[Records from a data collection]
----------------------------------------

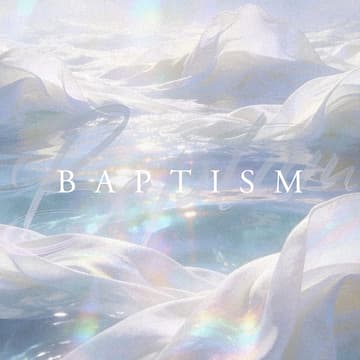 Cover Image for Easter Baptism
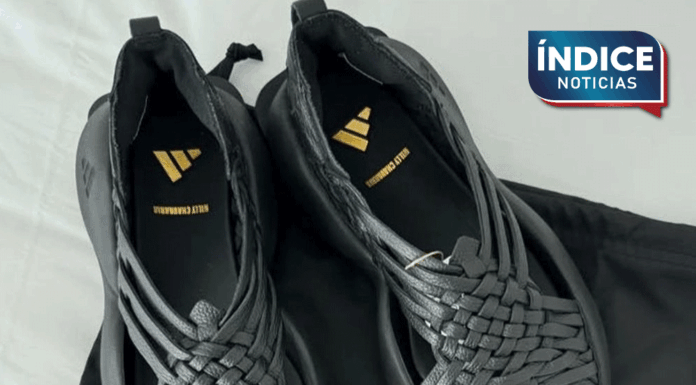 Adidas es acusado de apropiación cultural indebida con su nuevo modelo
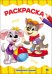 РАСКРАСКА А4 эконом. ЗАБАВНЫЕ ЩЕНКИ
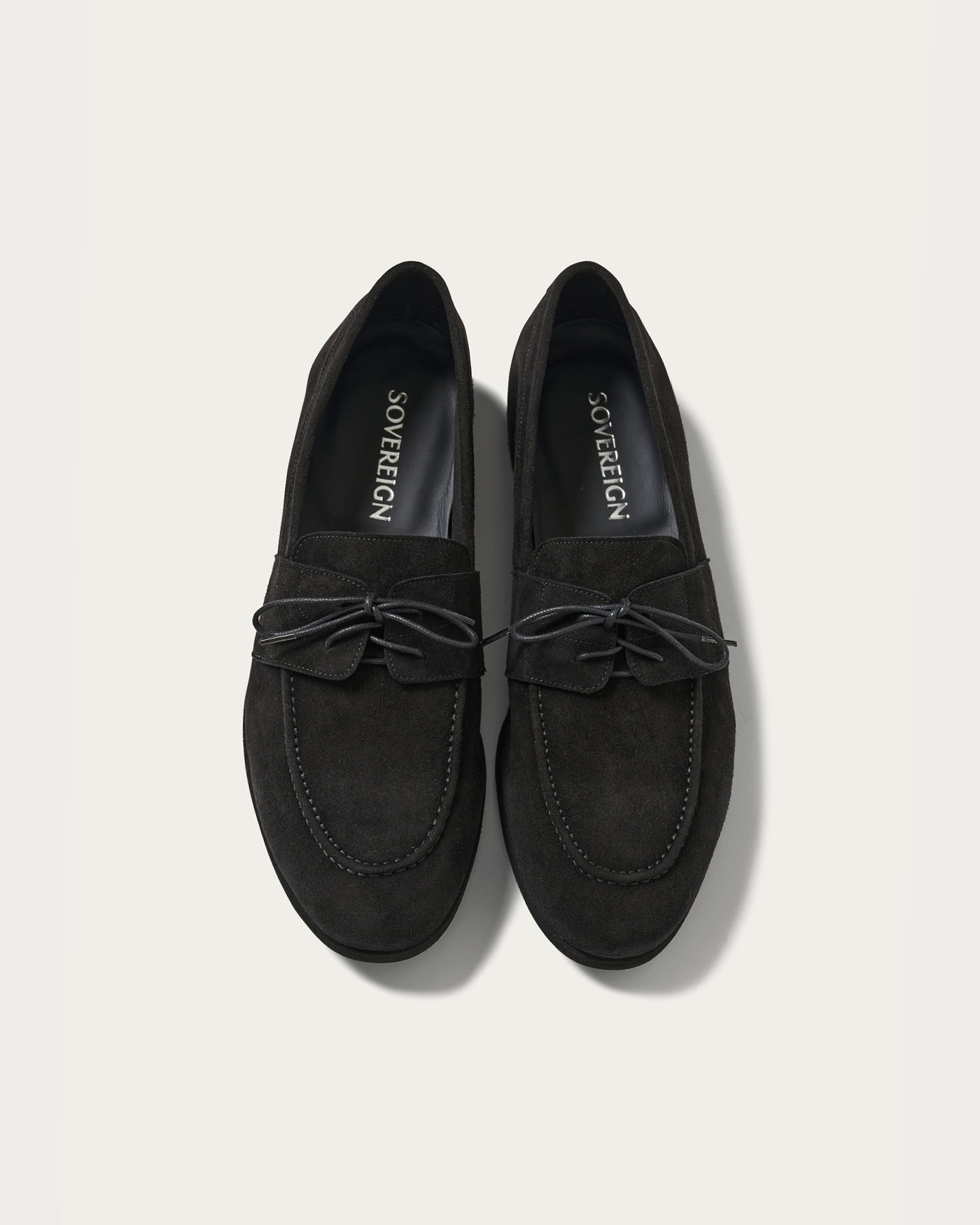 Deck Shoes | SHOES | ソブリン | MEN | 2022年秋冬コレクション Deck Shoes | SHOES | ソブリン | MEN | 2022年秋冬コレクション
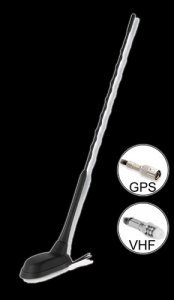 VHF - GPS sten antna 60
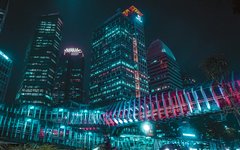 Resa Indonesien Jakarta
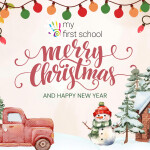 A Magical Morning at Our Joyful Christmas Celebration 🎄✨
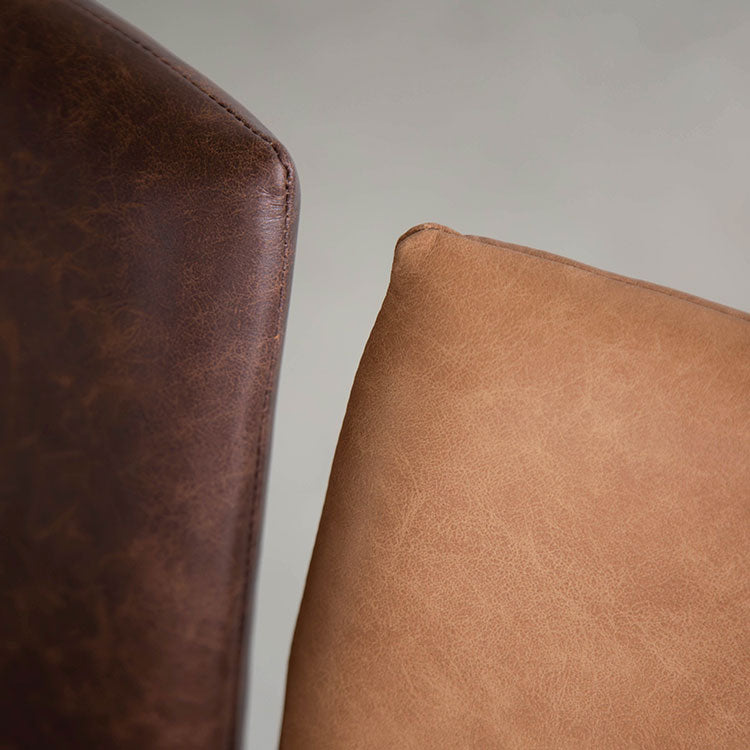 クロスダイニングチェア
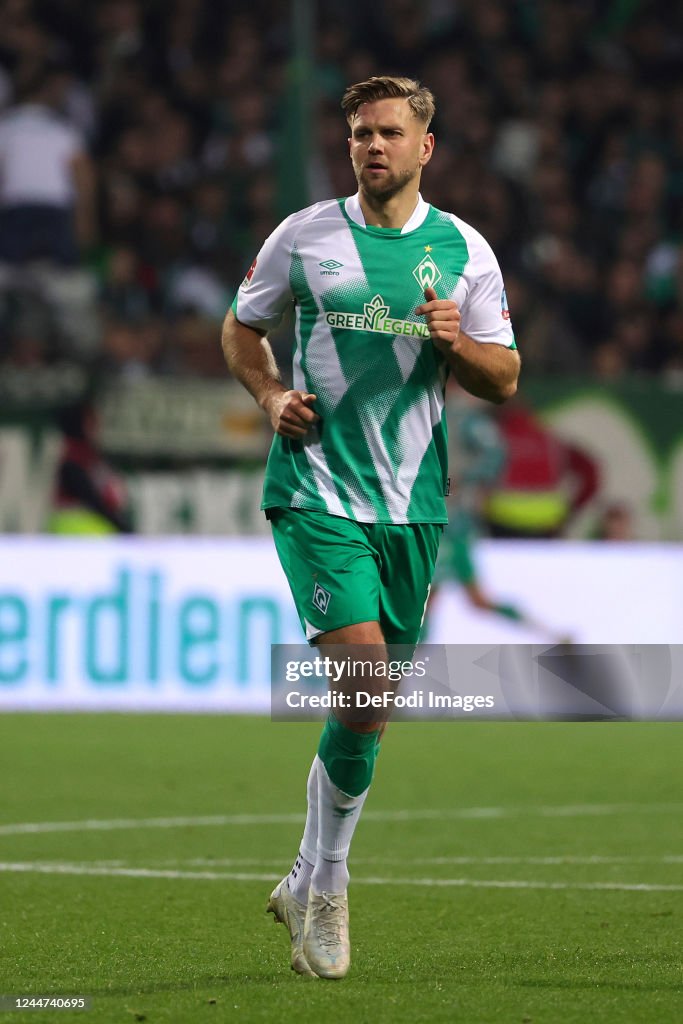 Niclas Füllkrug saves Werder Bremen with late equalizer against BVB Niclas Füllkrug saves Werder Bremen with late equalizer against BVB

----------------------------------------

**What to do**
Using the entries above, transcribe exactly from the line that has "РАСКРАСКА А4 эконом. ЗАБАВНЫЕ ЩЕНКИ" through the line that has "クロスダイニングチェア". Pictures are dropped.

**Result of this exercise**
 РАСКРАСКА А4 эконом. ЗАБАВНЫЕ ЩЕНКИ
 Deck Shoes | SHOES | ソブリン | MEN | 2022年秋冬コレクション Deck Shoes | SHOES | ソブリン | MEN | 2022年秋冬コレクション
 VHF - GPS sten antna 60
 Resa Indonesien Jakarta
 A Magical Morning at Our Joyful Christmas Celebration 🎄✨
 クロスダイニングチェア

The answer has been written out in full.